C’est pour cette raison que nous avons décidé d’implanter cette résidence à Saoû, commune rurale de 600 habitants située en bordure de Drôme Provençale. Le village, blotti au pied d’un synclinal perché parmi les plus hauts d’Europe, s’ouvre sur une forêt de plus de 2500 hectares abritant une biodiversité exceptionnelle. Malgré son éloignement des grands centres culturels, le village est situé sur un territoire qui fait preuve d’une très grande vitalité créative tout au long de l’année et accueille en été plusieurs importantes manifestations culturelles : les festivals « Futura » et « Crest Jazz Vocal » à Crest, « Musique d’un siècle » à Dieulefit. Le village de Saoû accueille lui-même le festival « Saoû chante Mozart » (seul festival de France consacré à Mozart, créé en 1989), le festival « Lune pleine de Jazz » et la « fête du Picodon » qui réunit chaque année plus de 10000 visiteurs dans les rues du village, le temps d’un week-end.

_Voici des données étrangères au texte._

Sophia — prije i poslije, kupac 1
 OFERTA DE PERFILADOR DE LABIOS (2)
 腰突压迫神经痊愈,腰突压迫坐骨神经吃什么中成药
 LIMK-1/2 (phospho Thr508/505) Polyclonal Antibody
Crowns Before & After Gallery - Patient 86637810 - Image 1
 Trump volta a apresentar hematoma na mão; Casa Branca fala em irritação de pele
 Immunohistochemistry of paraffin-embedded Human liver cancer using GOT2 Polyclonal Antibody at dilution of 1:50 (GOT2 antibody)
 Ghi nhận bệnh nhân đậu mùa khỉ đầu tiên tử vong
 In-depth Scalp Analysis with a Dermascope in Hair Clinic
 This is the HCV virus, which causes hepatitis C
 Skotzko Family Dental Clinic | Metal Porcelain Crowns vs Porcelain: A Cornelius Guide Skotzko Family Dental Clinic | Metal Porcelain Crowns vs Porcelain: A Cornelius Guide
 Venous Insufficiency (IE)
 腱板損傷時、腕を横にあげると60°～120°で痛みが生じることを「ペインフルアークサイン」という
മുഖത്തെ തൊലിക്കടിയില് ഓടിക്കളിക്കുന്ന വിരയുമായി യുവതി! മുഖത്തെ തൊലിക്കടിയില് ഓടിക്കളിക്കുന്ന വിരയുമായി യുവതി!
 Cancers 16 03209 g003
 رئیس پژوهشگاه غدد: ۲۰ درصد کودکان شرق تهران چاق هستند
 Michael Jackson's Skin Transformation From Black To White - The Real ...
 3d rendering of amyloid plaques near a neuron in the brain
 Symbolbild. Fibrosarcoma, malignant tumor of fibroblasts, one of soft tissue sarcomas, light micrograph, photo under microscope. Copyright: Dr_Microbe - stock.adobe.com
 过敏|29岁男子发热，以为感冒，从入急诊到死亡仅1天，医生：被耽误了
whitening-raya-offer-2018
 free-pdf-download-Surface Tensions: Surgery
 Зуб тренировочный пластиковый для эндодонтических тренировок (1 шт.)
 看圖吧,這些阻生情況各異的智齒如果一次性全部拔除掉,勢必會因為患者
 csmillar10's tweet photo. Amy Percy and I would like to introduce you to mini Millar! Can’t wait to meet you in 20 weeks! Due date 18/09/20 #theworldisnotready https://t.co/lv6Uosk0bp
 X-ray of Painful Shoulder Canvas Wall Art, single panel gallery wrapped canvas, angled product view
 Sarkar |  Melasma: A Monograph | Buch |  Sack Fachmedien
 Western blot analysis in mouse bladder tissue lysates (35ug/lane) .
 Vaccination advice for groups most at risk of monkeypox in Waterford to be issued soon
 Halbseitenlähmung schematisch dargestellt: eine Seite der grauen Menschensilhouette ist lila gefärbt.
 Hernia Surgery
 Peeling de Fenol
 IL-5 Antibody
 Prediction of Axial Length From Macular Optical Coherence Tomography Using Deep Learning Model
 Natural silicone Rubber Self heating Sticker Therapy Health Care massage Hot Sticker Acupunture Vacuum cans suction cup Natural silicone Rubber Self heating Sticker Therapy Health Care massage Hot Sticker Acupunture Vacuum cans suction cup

Nous avons souhaité que la résidence puisse être accueillie au même moment que ces événements majeurs, du 7 au 17 juillet 2021, afin que cette concomitance permette aux publics habituellement présents – qui ne sont pas forcément familiers de la création contemporaine – de se mélanger et de découvrir le travail qui sera proposé ici. A cette fin, nous avons imaginé diverses interventions croisées à destination du public présent pour les manifestations citées plus haut (conférences, ateliers, mini-concerts, etc.), ainsi que la création mondiale d’Orbis, la dernière œuvre d’Arnaud Petit pour harpe électronique augmentée (commande de Jakez Francois, président des Harpes Camac, réalisée en collaboration avec la cellule « Arts Numériques et Immersions Sensorielles » du GIPSA-Lab de Grenoble).

Par ailleurs, au-delà de la restitution publique de ce travail à l’occasion du concert de clôture, les œuvres produites (partitions et enregistrements) seront mises gratuitement à la disposition du grand public, avec l’accord de leurs auteurs.

Enfin, cette manifestation nous donnera l’occasion de proposer tout au long de l’année diverses interventions à destination des habitants du village et du public drômois : en premier lieu auprès des élèves des écoles primaires du regroupement pédagogique intercommunal des communes de Saoû, Soyans et Francillon-sur-Roubion, mais également auprès des étudiants des Conservatoires de Valence-Romans, Montélimar et Pierrelatte, ainsi que des écoles de musique de Crest, Livron/Loriol, Puy Saint-Martin, Grâne et Dieulefit/Bourdeaux.